GHG_footprint = pd.merge(GHG_residential, GHG_transfer, on=['countries','Year'], how='outer').sort_values(['countries','Year'])

GHG_footprint['Footprint GHG emissions [t]'] = GHG_footprint['Residential GHG emissions [t]'] - GHG_footprint['Transfer GHG emissions [t]']

# GDP

## Information about dataset

Dataset: nama_10_gdp https://ec.europa.eu/eurostat/databrowser/view/nama_10_gdp__custom_10341462/default/table?lang=en

Source: EUROSTAT

Frequency of measure : Annual

Unit: Current prices, million euro

National accounts indicator: Gross domestic product at market prices

In [None]:
GDP = eurostat.get_data_df('nama_10_gdp')

In [None]:
# We only need one unit, we will use: Current prices, million euro
GDP = GDP.loc[GDP.unit == 'CP_MEUR']

# As a national accounts indicator we will use: Gross domestic product at market prices
GDP = GDP.loc[GDP.na_item == 'B1GQ']

# We rename the columns to make them more understandable
GDP = GDP.rename(columns={'geo\TIME_PERIOD': 'countries'})

In [None]:
# We put the years in rows and create a new column containing the values
# This is done to facilitate the creation of a merged dataset containing all the data
GDP = GDP.melt(id_vars=['freq', 'unit', 'na_item', 'countries'], var_name="Year", value_name="GDP")

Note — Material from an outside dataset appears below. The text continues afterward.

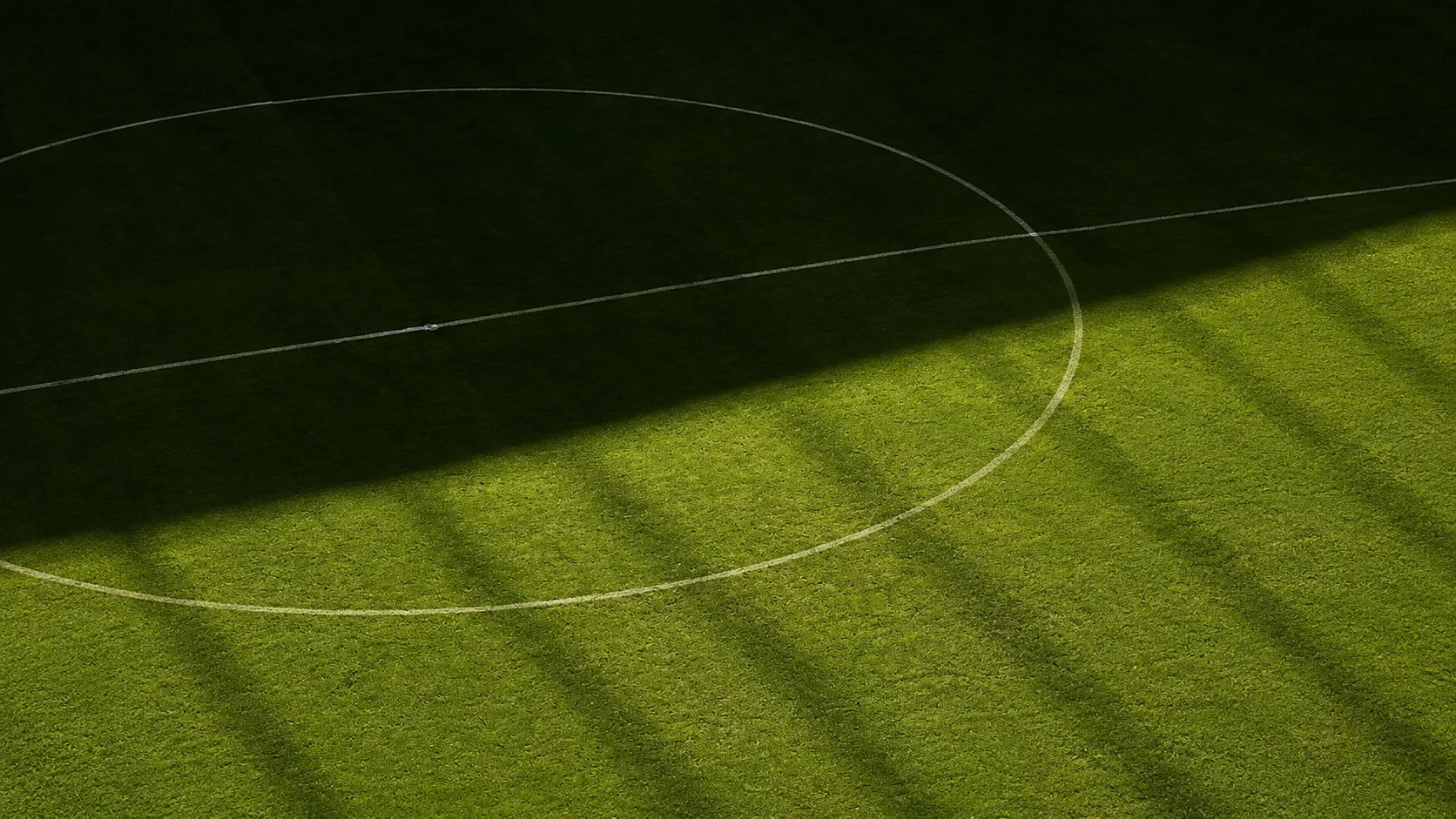 Fußballplatz für sportartspezifisches Athletiktraining in Augsburg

# We only include in the dataset the important columns
# This will make the merging of all the datasets easier
GDP = GDP.loc[:,['countries','Year','GDP']]

In [None]:
# We include the unit in the name of the column:
GDP = GDP.rename(columns={'GDP': 'GDP [MIO_EURO]'})

# Population

## Information about dataset

Dataset: demo_pjan https://ec.europa.eu/eurostat/databrowser/view/demo_pjan/default/table?lang=en

Source: EUROSTAT

Frequency of measure: Annual

Unit: Number

Values: Total population

In [None]:
POP = eurostat.get_data_df('demo_pjan')

In [None]:
# We rename the columns to make them more understandable
POP = POP.rename(columns={'geo\TIME_PERIOD': 'countries'})

# We have no use for age and sex
POP = POP.loc[POP.age == 'TOTAL']
POP = POP.loc[POP.sex == 'T']

In [None]:
# We put the years in rows and create a new column containing the values
# This is done to facilitate the creation of a merged dataset containing all the data
POP = POP.melt(id_vars=["freq", "unit", "age", "sex", "countries"], var_name="Year", value_name="Population")

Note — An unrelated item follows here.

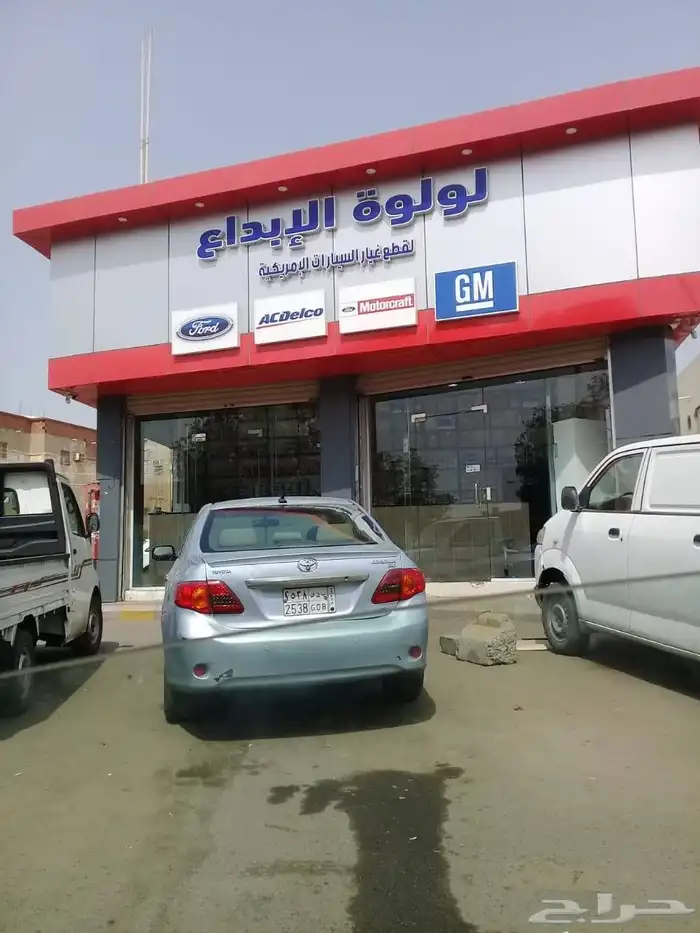 أعمال الدعايه والاعلان والكلادينج والزجاج 15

# We only include in the dataset the important columns
# This will make the merging of all the datasets easier
POP = POP.loc[:,['countries','Year','Population']]

# Air pollutants

## Information about dataset

Dataset: ENV_AIR_EMIS https://ec.europa.eu/eurostat/databrowser/view/ENV_AIR_EMIS__custom_773267/default/table?lang=en

Source: EUROSTAT

Frequency of measure: Annual

Unit: Tonne

Sector: National total for the entire territory (based on fuel sold)

In [None]:
AirPol = eurostat.get_data_df('env_air_emis')

In [None]:
# We rename the columns to make them more understandable
AirPol = AirPol.rename(columns={'geo\TIME_PERIOD': 'countries'})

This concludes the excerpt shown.